- By Najja Parker, Atlanta Journal-Constitution
Many people start each day with a fresh brew of coffee, but that cup of joe may soon come with a cancer warning in California.
Within the next year, a state judge could order several corporations to add acrylamide warning labels to coffee, CNN reports. Arcylamide, a chemical created when coffee beans are roasted, has been linked to cancer.
In 2010, the Council for Education and Research on Toxics filed a lawsuit against several companies, including Starbucks, BP and 7-Eleven, alleging the defendants do not clearly display the dangers of acrylamide exposure to buyers when they consume java.

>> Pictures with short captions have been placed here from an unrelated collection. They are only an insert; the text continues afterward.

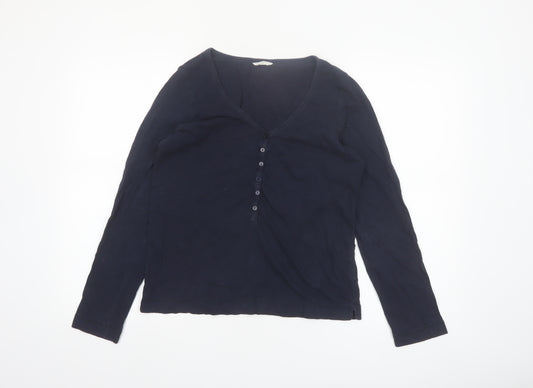 Hush Womens Blue Long Sleeve V-Neck Button-Up Top XS
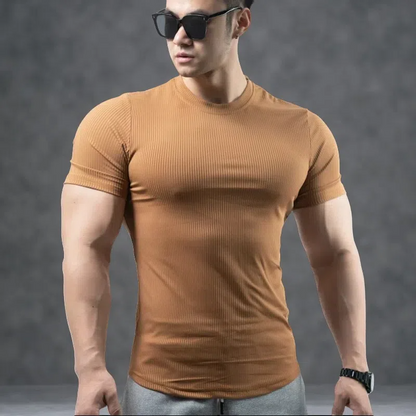 Men’s Trendy Quick-Drying Stretch T-shirt – Bottoming Shirt for Running & Fitness Khaki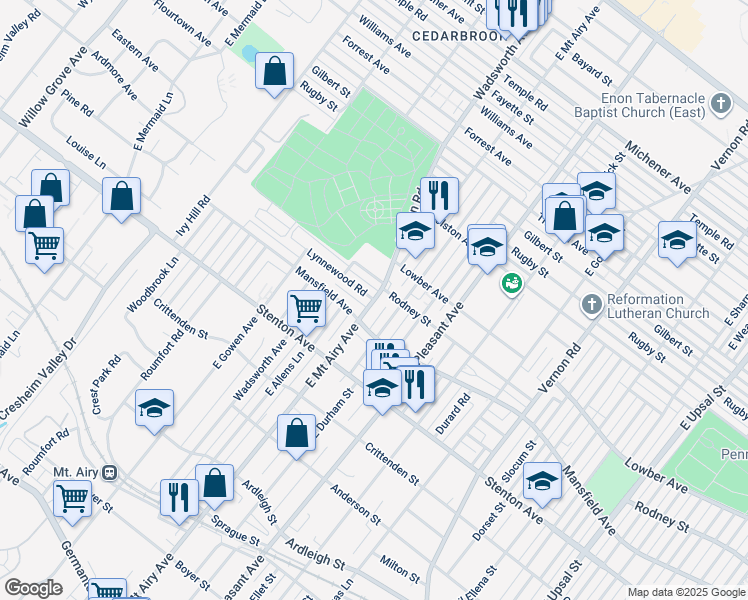map of restaurants, bars, coffee shops, grocery stores, and more near 1051 East Mount Airy Avenue in Philadelphia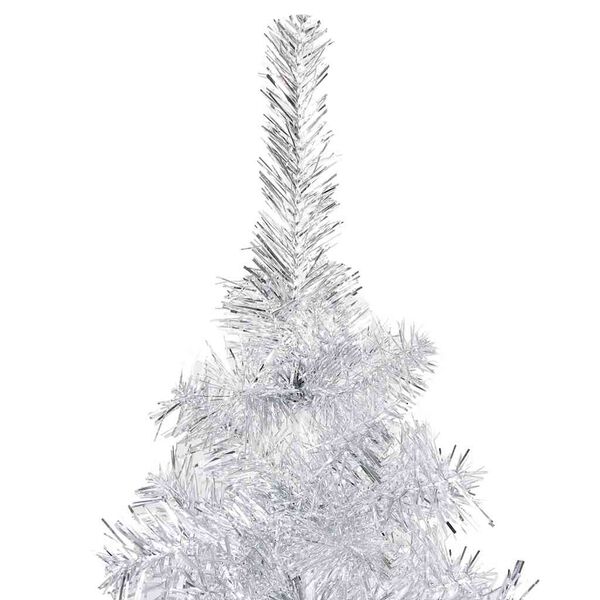 vidaXL Künstlicher Weihnachtsbaum Beleuchtung & Kugeln Silber 240 cm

According to the court documents, the nonprofit organization refers to the California Safe Drinking Water and Toxic Enforcement Act of 1986, which states businesses must give patrons clear warnings about agents that could affect their health.
The group is proposing that offenders pay a fine and clearly post warnings on store counters and walls, so people can easily spot them. It also wants retailers to reduce the amount of chemicals in the products to eliminate the risk of cancer altogether.

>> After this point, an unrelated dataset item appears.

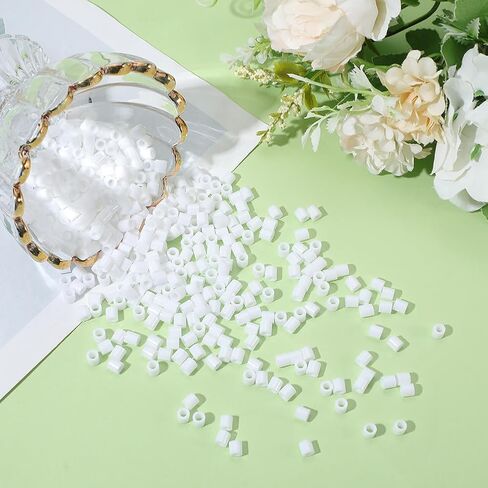 1 Box 2000 Pieces Fuse Beads Bulk 5mm Melting Beads Craft Black and White Plastic Tube Melty Compatible Bead Hama Bead Refills for DIY Crafts Handmade Decoration Holiday Creative Gifts in Kuwait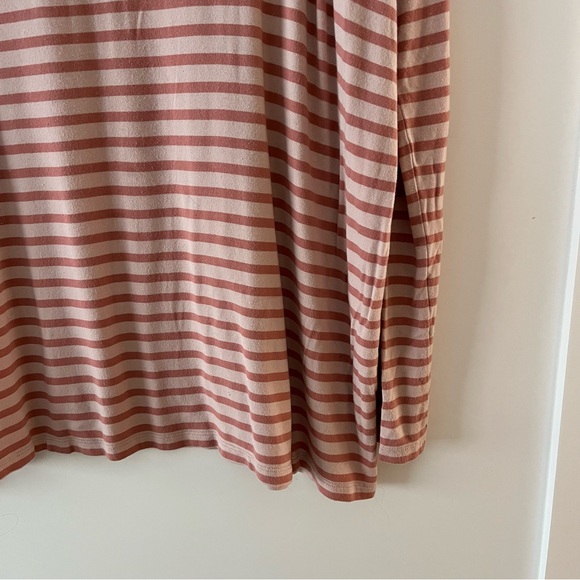 Hatch Maternity Women's Long Sleeve Striped Top in Pink and White - Picture 2 of 5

While 13 of the defendants, including 7-Eleven, have already settled out of court and agreed to issue warnings, the other nine retailers will meet for private mediations next month, according CNN. If the parties do not come to an agreement, the judge will make a decision.

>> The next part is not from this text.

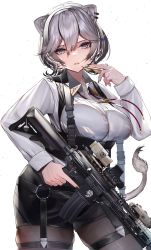 Rule 34 | 1girl, absurdres, animal ears, black nails, black pantyhose, black shorts, breasts, cartridge, cleavage, collared shirt, commentary request, cowboy shot, ear piercing, gun, hair between eyes, highres, holding, holding gun, holding weapon, hololive, large breasts, lion ears, lion girl, lion tail, long sleeves, looking at viewer, lumium, nail polish, o-ring, pantyhose, pantyhose under shorts, parted lips, piercing, purple eyes, shirt, shishiro botan, shishiro botan (button-down), short hair, shorts, silver hair, simple background, solo, tail, thigh strap, trigger discipline, underbust, virtual youtuber, weapon, weapon request, white background, white shirt
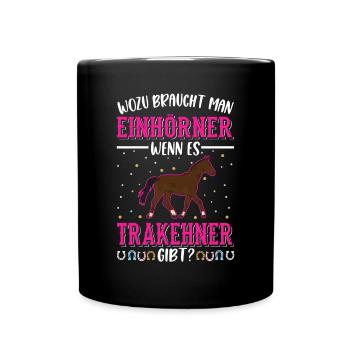 Trakehner Einhorn Trakehner Geschenk - Tasse einfarbig - Schwarz - Vorne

Previous reports show that coffee can increase the possibility of several cancers, such as ovarian, renal and endometrial. However, other studies have demonstrated the health benefits of coffee. It has been associated with lowering the risk of death from digestive, circulatory and cerebrovascular diseases among other illnesses.
As for acrylamide, the National Toxicology Program's Report on Carcinogens says it’s a human carcinogen, and the Food and Drug Administration has suggested ways for folks to cut it out of their diets while they still gather information about the compound.
This isn’t the first time companies have been sued over acrymalide, which was added to California’s carcinogen list in 1990. In 2008, the California attorney general settled suits against Heinz and Frito-Lay when the brands agreed to decrease the levels of the chemical found in chips.
Starbucks, BP and the other retailers of the latest case will face the Council for Education and Research on Toxics on Feb. 8.